Food Heals – “Hungry Town” by Tom Fitzmorris
In the case of New Orleans, food doesn’t hurt either.
Radio personality and food critic Tom Fitzmorris’ book “Hungry Town” is a sobering, heart-breaking, educational, and uplifting book about New Orleans as a mecca for great food, and how the restaurant scene that was nearly devastated by 2005’s Hurricane Katrina bounced back to life fueled by the understanding of the restaurateurs and patrons that food is a vital and important part of a city’s personality.
Fitzmorris, a noted writer, has long been a resident of New Orleans and is the go-to expert on the history of the city’s food and restaurant revolution. (If you’ve seen the post-Katrina “No Reservations” episode about the city, he’s the guy who has dinner at the empty restaurant with Anthony Bourdain, FYI.)
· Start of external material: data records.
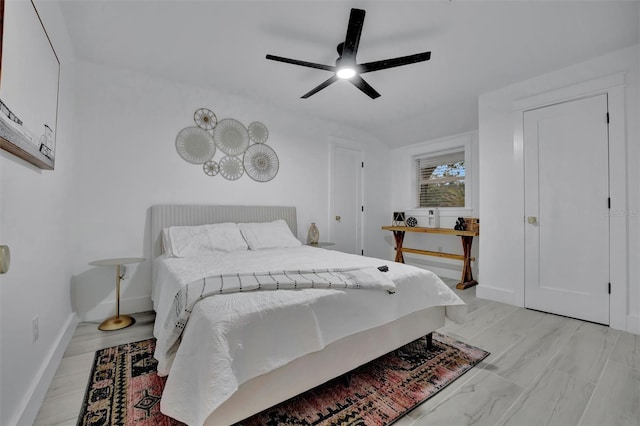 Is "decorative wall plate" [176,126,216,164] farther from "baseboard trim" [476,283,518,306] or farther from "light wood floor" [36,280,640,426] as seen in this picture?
"baseboard trim" [476,283,518,306]

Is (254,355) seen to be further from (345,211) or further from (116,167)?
(345,211)

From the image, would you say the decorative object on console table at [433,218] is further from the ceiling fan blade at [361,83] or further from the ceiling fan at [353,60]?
the ceiling fan at [353,60]

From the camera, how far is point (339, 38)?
7.63 ft

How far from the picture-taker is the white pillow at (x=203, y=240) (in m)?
2.66

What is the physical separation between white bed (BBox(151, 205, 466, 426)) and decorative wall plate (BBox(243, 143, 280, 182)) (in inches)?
68.1

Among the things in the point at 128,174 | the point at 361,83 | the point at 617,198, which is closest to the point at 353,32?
the point at 361,83

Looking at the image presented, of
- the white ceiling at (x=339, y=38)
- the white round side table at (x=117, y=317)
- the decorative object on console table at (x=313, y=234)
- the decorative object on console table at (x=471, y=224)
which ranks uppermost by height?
the white ceiling at (x=339, y=38)

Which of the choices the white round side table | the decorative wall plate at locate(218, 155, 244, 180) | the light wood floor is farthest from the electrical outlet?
the decorative wall plate at locate(218, 155, 244, 180)

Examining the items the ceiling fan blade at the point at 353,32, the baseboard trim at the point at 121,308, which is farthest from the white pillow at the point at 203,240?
the ceiling fan blade at the point at 353,32

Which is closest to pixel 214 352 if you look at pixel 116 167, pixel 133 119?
pixel 116 167

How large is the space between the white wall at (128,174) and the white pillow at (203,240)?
0.44 m

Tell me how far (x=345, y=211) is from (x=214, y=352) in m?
3.66

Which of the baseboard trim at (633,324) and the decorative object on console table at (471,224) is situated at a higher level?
the decorative object on console table at (471,224)

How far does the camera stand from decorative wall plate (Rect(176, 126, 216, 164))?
3135 mm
The book, part memoir and part history, begins by charting the rise of gourmet restaurants in New Orleans in the 80’s, as well as Fitzmorris’ career in food journalism and broadcasting, and introduces many of the characters that make this particular restaurant scene so special. (Yep, Emeril is discussed.) From there, he turns his attentions to Katrina and the devastating and horrifying effects that the massive hurricane left on the city. It’s sobering stuff, even years later. As a foodie, it’s particularly heartbreaking to read about the millions of dollars of wine that was destroyed in wine cellars during the flood.
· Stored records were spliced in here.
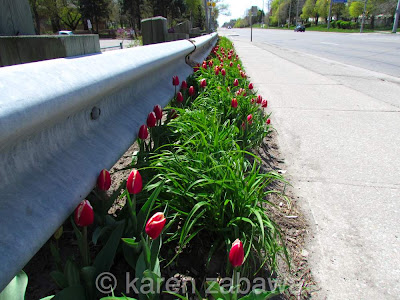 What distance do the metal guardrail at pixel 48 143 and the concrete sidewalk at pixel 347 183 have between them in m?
1.19

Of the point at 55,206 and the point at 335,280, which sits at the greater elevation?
the point at 55,206

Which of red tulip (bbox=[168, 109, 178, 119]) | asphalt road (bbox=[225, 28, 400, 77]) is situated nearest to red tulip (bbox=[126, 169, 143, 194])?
red tulip (bbox=[168, 109, 178, 119])

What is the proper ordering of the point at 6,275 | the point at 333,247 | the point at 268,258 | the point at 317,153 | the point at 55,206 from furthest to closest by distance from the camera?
the point at 317,153, the point at 333,247, the point at 268,258, the point at 55,206, the point at 6,275

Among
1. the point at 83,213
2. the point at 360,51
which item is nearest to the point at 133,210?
the point at 83,213

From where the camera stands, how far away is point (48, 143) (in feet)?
3.58

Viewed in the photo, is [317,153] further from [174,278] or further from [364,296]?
[174,278]

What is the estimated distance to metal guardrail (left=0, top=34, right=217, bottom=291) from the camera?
83 centimetres

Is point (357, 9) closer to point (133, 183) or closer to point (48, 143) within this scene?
point (133, 183)

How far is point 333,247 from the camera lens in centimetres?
171

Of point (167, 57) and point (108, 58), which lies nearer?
point (108, 58)

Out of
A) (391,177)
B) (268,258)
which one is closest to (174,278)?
(268,258)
However, New Orleans is a survivor. Fitzmorris began a list of restaurants that were re-opening in the wake of Katrina, and as the numbers rise the stories grow more touching. For example, a restaurant called Drago’s re-opened days after the hurricane, with a policy of giving food to anyone who came in – and wound up giving away “77,000 free meals.”
In addition to being a wonderful foodie memoir of life in New Orleans, Fitzmorris also includes a bunch of delicious-sounding recipes from the city’s heart. All of them sound delicious, and make me want to go all “Julie & Julia” on the book. Root Beer Glazed Ham? Red Beans and Rice? Seared Scallops with Artichokes? Cafe au Lait made with coffee and chickory? Yes, please.
Foodies, history buffs, and travelers will find this book particularly interesting. However, I think it’s a book that defies genres. It’s rather lovely, a portrait of a city of grandeur collapsing and rebuilding.
The city, to this day, has a long way to go. But, in the words of it’s mayor at the time of the Hurricane – “One Day at a Time.”